Security officers undergo training in de-escalation, crisis intervention, implicit bias, and “trauma-informed” response. “A lot of people are just struggling with mental-health issues,” Kayla Goley, the security division’s training coördinator, explained in a recent Webinar. She mentioned responding to a call involving a man who could not stop screaming about the cost of replacing his birth certificate; by speaking to him slowly and calmly, Goley learned that he had just lost his mother. She told the Webinar participants, “When people are in a crisis, their brain is in survival mode.”

Social workers began embedding at libraries when it became clear that libraries attract patrons who might never show up at another government building. Hansen-Miller, who previously worked at a hospital, calls it “meeting people where they are.” The San Francisco Public Library, in 2009, became the first of the nation’s seventeen thousand or so public libraries to appoint a full-time social worker. Social workers and social-work students can now be found in libraries from Denver to Philadelphia.
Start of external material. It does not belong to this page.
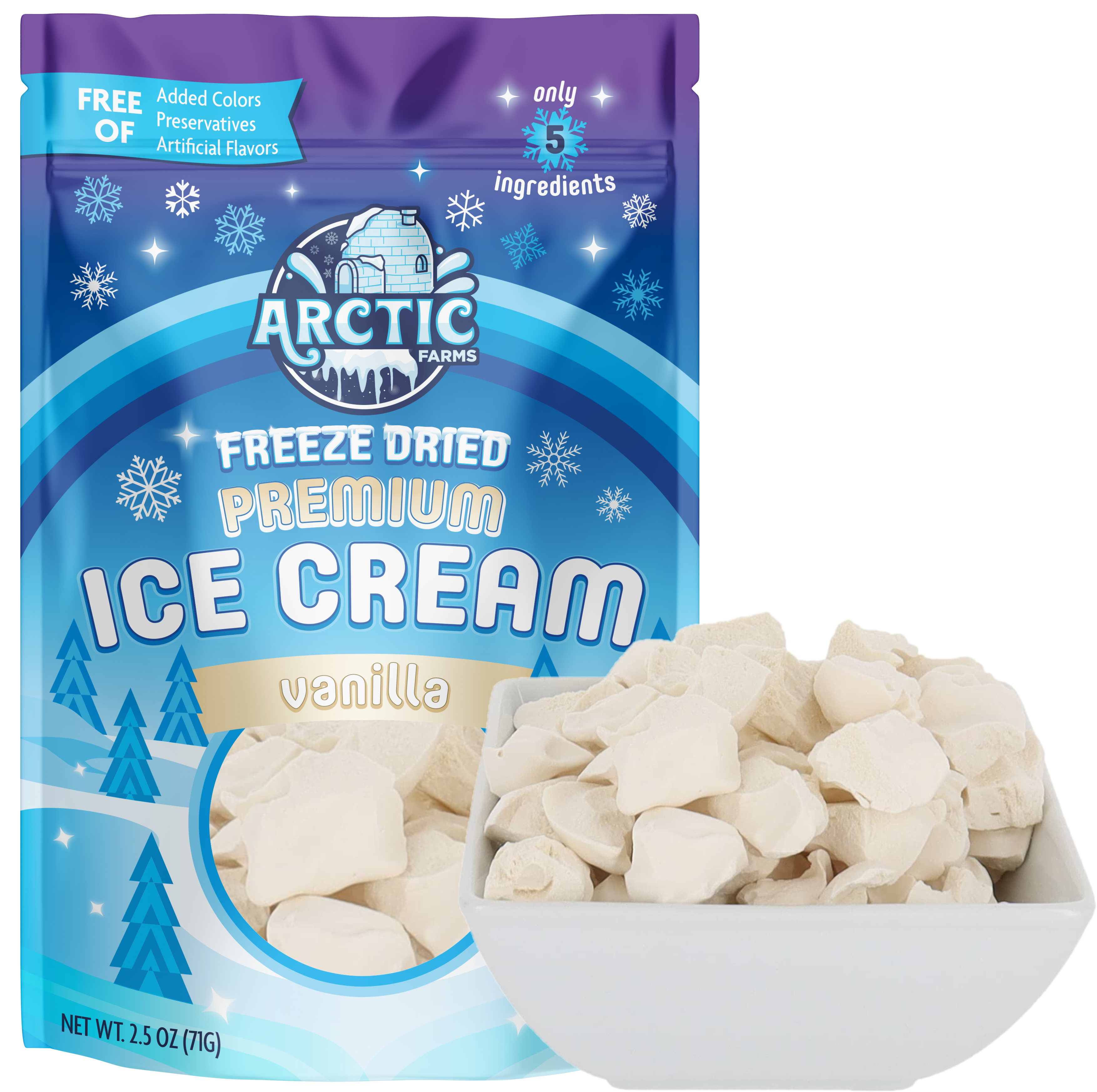 PREMIUM Freeze Dried Ice Cream * Only 5 Ingredients *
In their book “Whole Person Librarianship,” Sara K. Zettervall and Mary C. Nienow, a librarian and a social worker, respectively, noted that in 2018 alone the number of collaborations between libraries and social workers doubled, to more than a hundred. They wrote, “With the advent of libraries serving as safe spaces in the midst of unrest (see Ferguson Public Library) and librarians rediscovering the power of information literacy post-U.S. election, many more of us are searching for tools to foster empathy and understanding in ourselves and our communities.”

Central’s employees never remark on the state of a patron’s hygiene or clothing. Staring can inflame paranoia, so they don’t stare. They resist parenting other people’s children, having accepted that it is none of their business if a kid sits in front of a computer screen and plays Roblox all day. Instead of obsessing over the fact that some families never seem to leave the building to get food, Kelly Wavrin, a children’s librarian, buys juice boxes and Goldfish with her own money, and slips them to patrons who ask.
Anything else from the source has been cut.